In my database there are Document and DocumentFile tables. Primary key - column Uid (in both tables). DocumentFile references Document via column DocumentUid.

I know uid of document file, and I want to select document with files (with left join), and EF generates this query:

DECLARE @p__linq__0 uniqueidentifier,@p__linq__1 uniqueidentifier,@p__linq__2 varchar(max) ,@p__linq__3 nvarchar(max) ,@p__linq__4 uniqueidentifier

SELECT @p__linq__0=NULL,@p__linq__1=NULL,@p__linq__2=NULL,@p__linq__3=NULL,@p__linq__4='8670AD28-9FA6-41F3-94B9-6B91FD2AE110'

SELECT 
*
FROM  [dbo].[Document] AS [Extent1]
LEFT OUTER JOIN [dbo].[DocumentFile] AS [Extent2] ON [Extent1].[Uid] = [Extent2].[DocumentUid]
WHERE ((([Extent1].[EntityUid] = @p__linq__0) AND (@p__linq__0 IS NOT NULL)) OR (@p__linq__1 IS NULL)) 
        AND ((([Extent1].[EntityTypeCode] = @p__linq__2) AND ( NOT ([Extent1].[EntityTypeCode] IS NULL OR @p__linq__2 IS NULL))) OR (([Extent1].[EntityTypeCode] IS NULL) AND (@p__linq__2 IS NULL)) OR (@p__linq__3 IS NULL) OR (( CAST(LEN(@p__linq__3) AS int)) = 0)) 
        AND ((([Extent2].[Uid] = @p__linq__4) AND ( NOT ([Extent2].[Uid] IS NULL OR @p__linq__4 IS NULL))) OR (([Extent2].[Uid] IS NULL) AND (@p__linq__4 IS NULL)) )

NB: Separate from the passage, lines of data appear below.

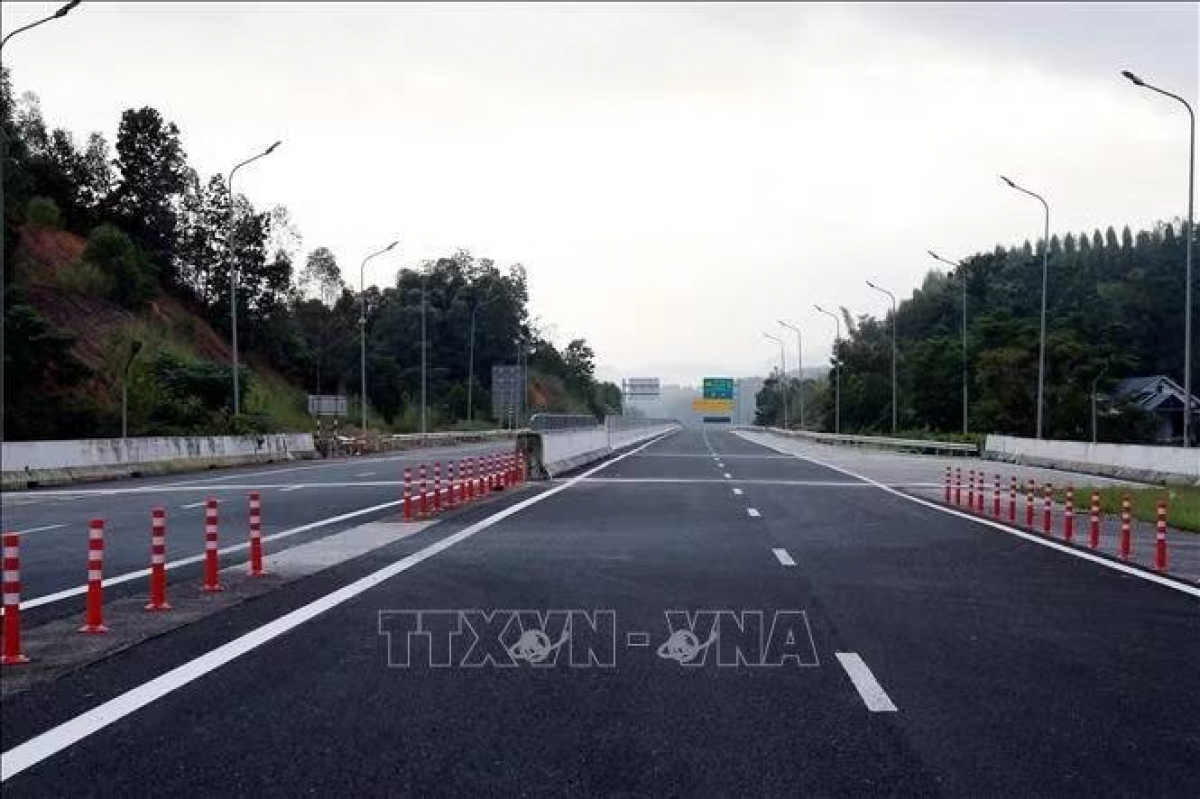 Tuyến cao tốc cửa khẩu Hữu Nghị - Chi Lăng, đoạn từ km 45, nối với cao tốc Bắc Giang - Lạng Sơn, thuộc xã Nhân Lý, tỉnh Lạng Sơn đã cơ bản hoàn thiện các hạng mục sẵn sàng đưa vào khai thác thương mại. Ảnh: Văn Đạt/TTXVN
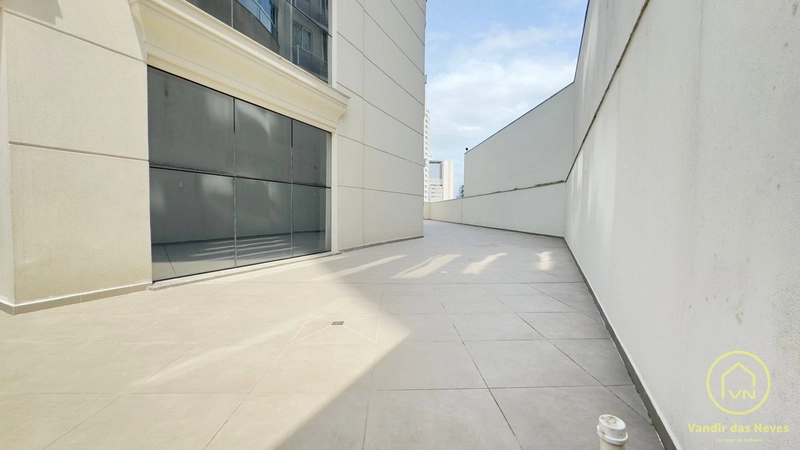 Casa suspensa 2 suítes mais 2 demi-suítes, centro de Itajaí: 5ª foto da galeria de imagens do imóvel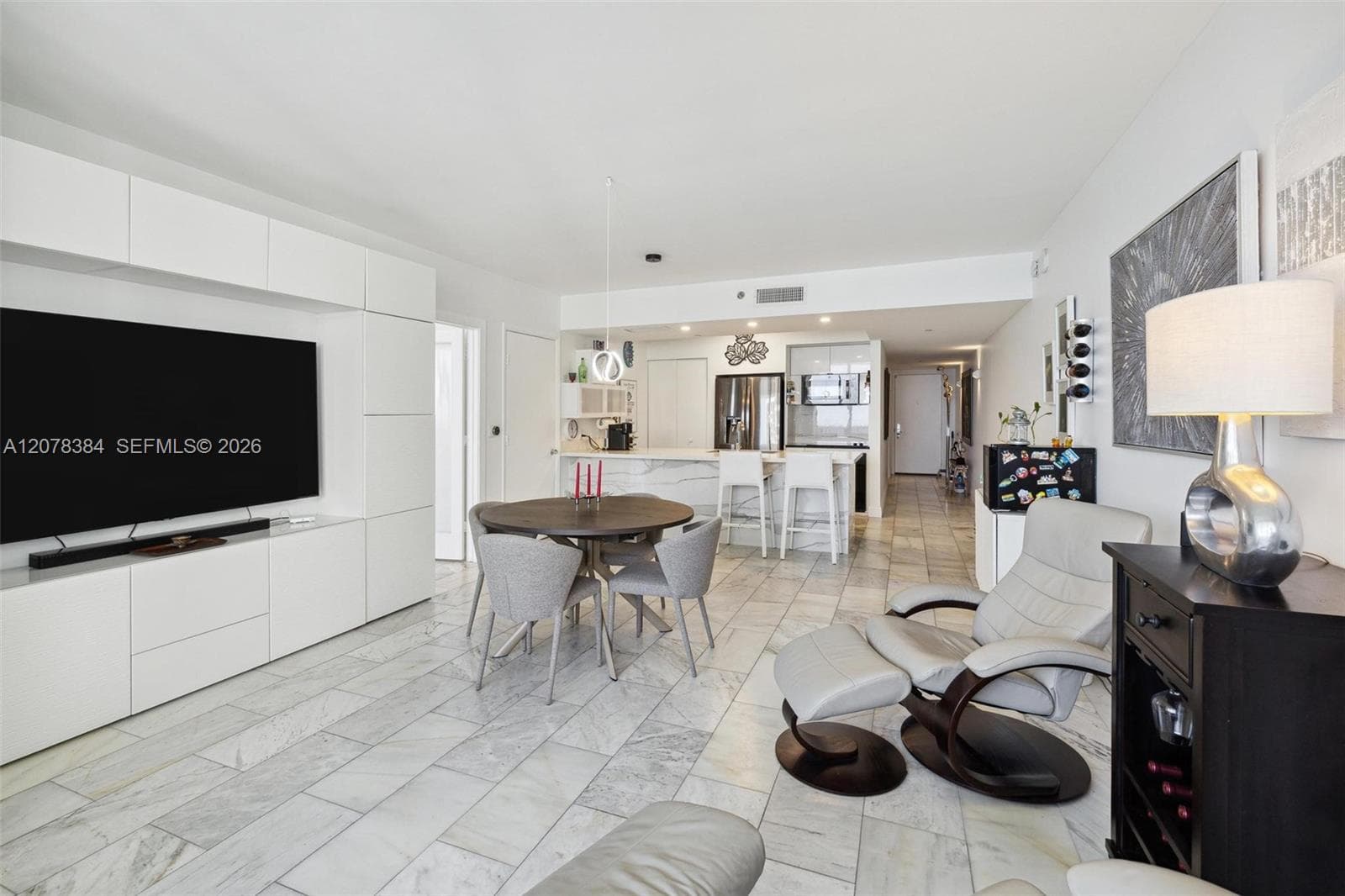 1830 S OCEAN DR # 4210, Hallandale Beach, FL 33009 photo 2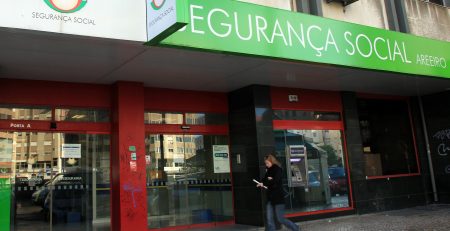 PS quer reunir no Parlamento todos os dados sobre a dívida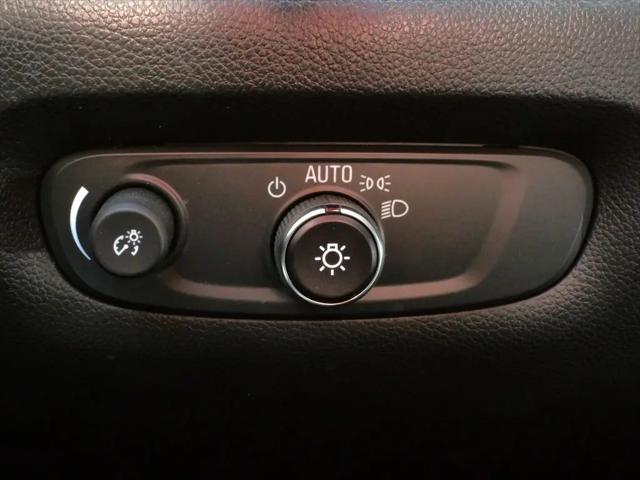 2023 Chevrolet Traverse AWD LT Cloth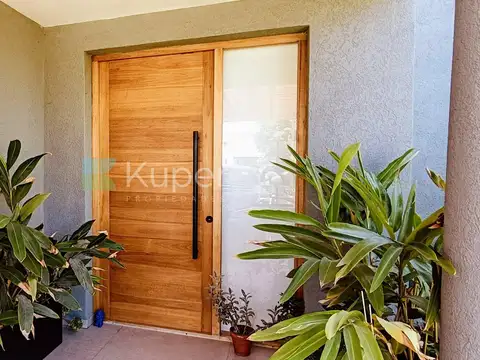 Casa en Venta en Ayres Plaza, Countries y Barrios Cerrados en Pilar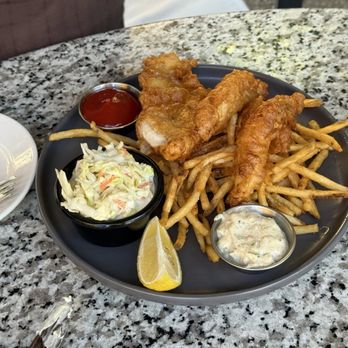 Dinah's Poolside Restaurant - Fish n Chips - American Near Me - Palo Alto, California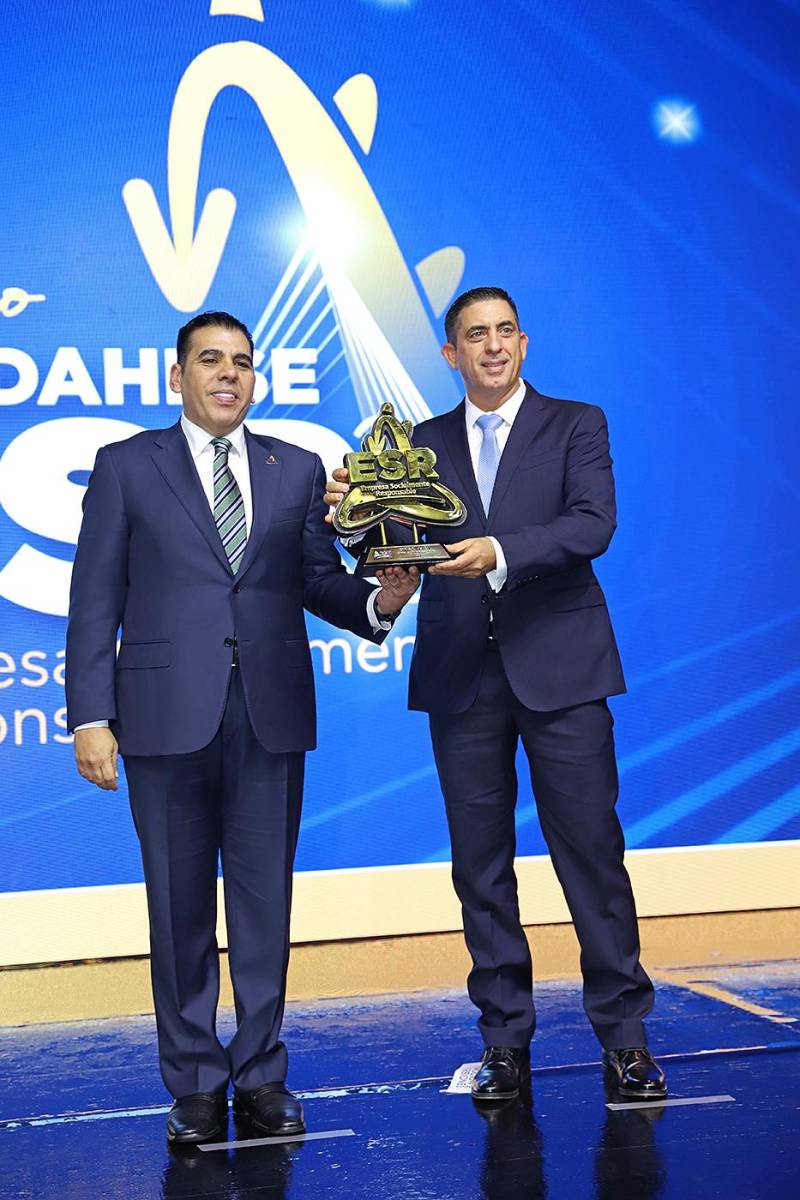 FUNDAHRSE premia a empresas socialmente responsables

(long list of columns replaced with asterisk and parameters declared at top, but it does not matter)

This query works very slow with complicated query plan (~20 seconds). If I comment this condition at end of query:

 /*OR (([Extent2].[Uid] IS NULL) AND (@p__linq__4 IS NULL))*/

it run with lightning speed (few milliseconds). Extent2 is DocumentFile, column Uid is primary key and it never be NULL.

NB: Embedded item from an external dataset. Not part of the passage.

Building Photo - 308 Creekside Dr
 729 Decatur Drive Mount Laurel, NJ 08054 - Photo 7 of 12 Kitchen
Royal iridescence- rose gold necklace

In C# code column Uid declared as Guid:

public class DocumentFile
{
    public const string EntityType = "DocumentFile";

    [Key]
    public Guid Uid { get; set; }

    public Guid DocumentUid { get; set; }
    ...
}

How to fix query or tell SQL Server to use simple query plan, like for query with commented condition?

回答1:

This is because EF by default mimics .net semantics for null values. That is: if a string has a value it never equals null:

stringValue != null

... evaluates to true.

In SQL semantics this equation is undefined. If used as predicate it never yields any result. (Contrary to the correct syntax: stringValue IS NOT NULL). Even if stringValue is null, in SQL, stringValue = null doesn't evaluate as true!

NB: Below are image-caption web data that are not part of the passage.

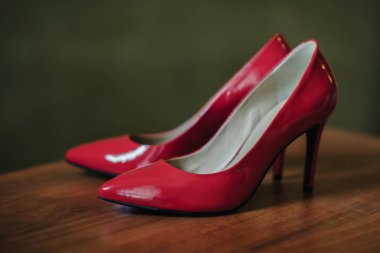 Kırmızı yüksek topuklu ayakkabılar closeup bride için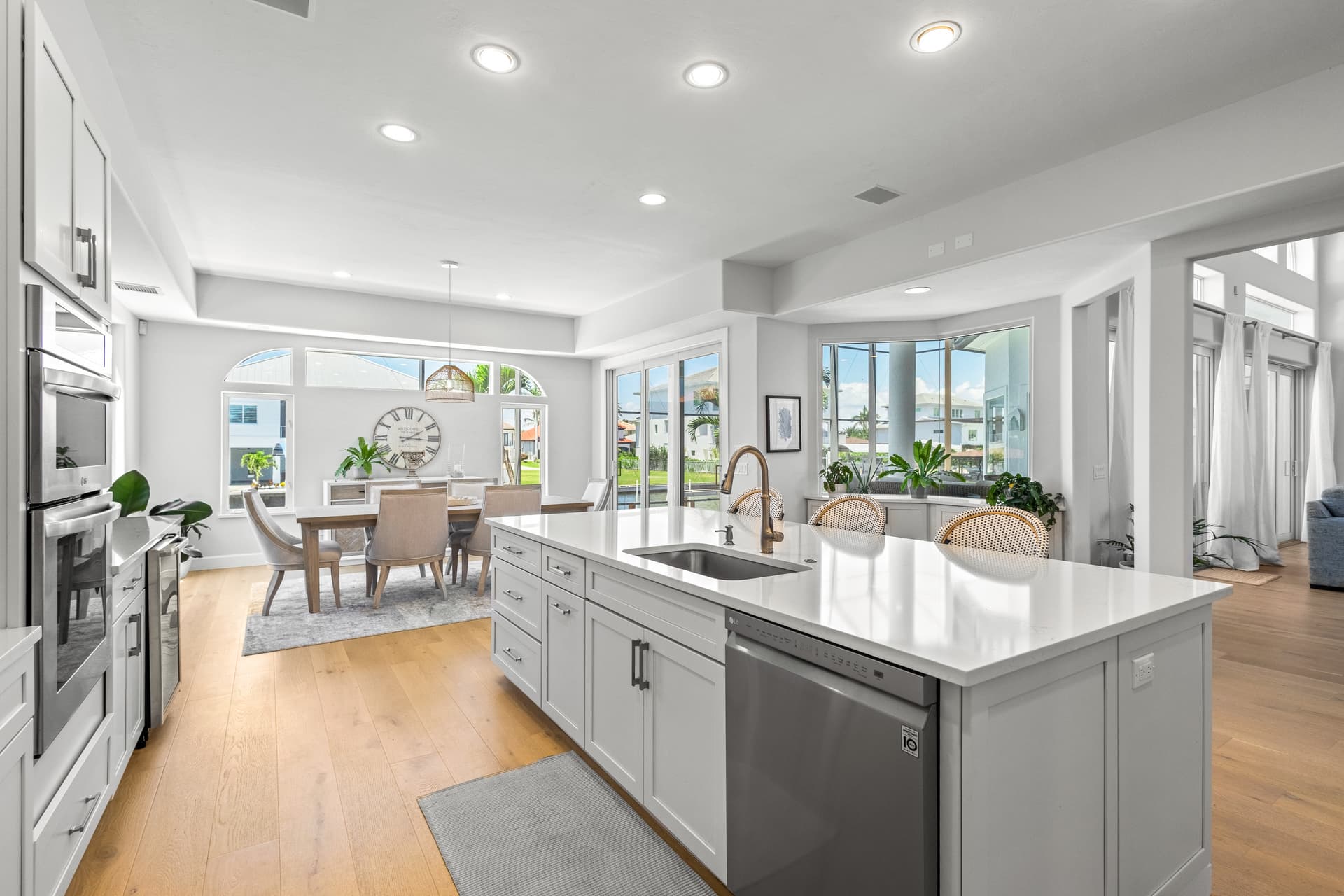 Sunshine Water - Image 5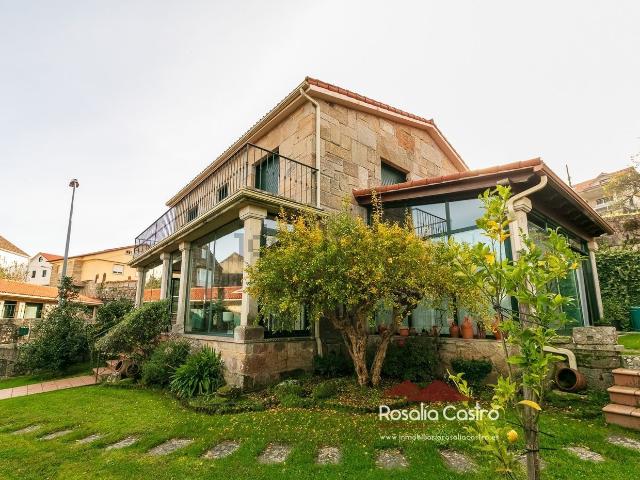 Casa en venta en Belesar, Vigo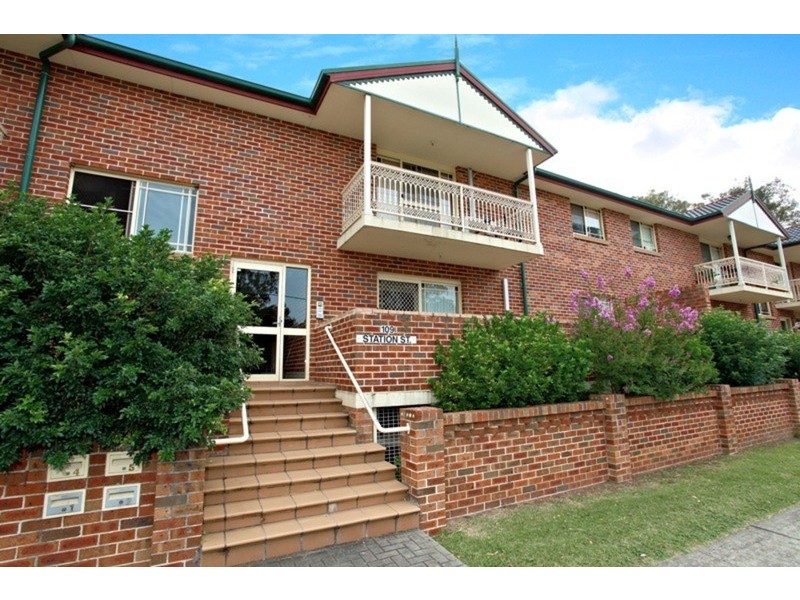 2/109 Station Street, Penrith NSW 2750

You can tell EF to use SQL null semantics, but let's look at a simple example how this can lead to unexpected results. I have a context connected in Linqpad and use this code to compare both semantics:

string code = null;
this.Configuration.UseDatabaseNullSemantics = false; // the default
Companies.Where(c => c.Code == code).Dump();

this.Configuration.UseDatabaseNullSemantics = true;
Companies.Where(c => c.Code == code).Dump();

The first query gives me companies where Code is null. The second query... none.

The reason for this is apparent from the executed SQL statements:

-- Region Parameters
DECLARE @p__linq__0 VarChar(1000) = null
-- EndRegion
SELECT ...
    FROM [dbo].[Company] AS [Extent1]
    WHERE ([Extent1].[Code] = @p__linq__0)
       OR (([Extent1].[Code] IS NULL) AND (@p__linq__0 IS NULL))
GO

vs

SELECT ...
    FROM [dbo].[Company] AS [Extent1]
    WHERE [Extent1].[Code] = @p__linq__0

There it is, WHERE [Extent1].[Code] = @p__linq__0 is undefined, the query doesn't return any result.

So you can turn to database null semantics, but that's a decision to be taken with caution. If null values don't play a role (i.e. there will always be comparisons between non-null values), you can do it safely.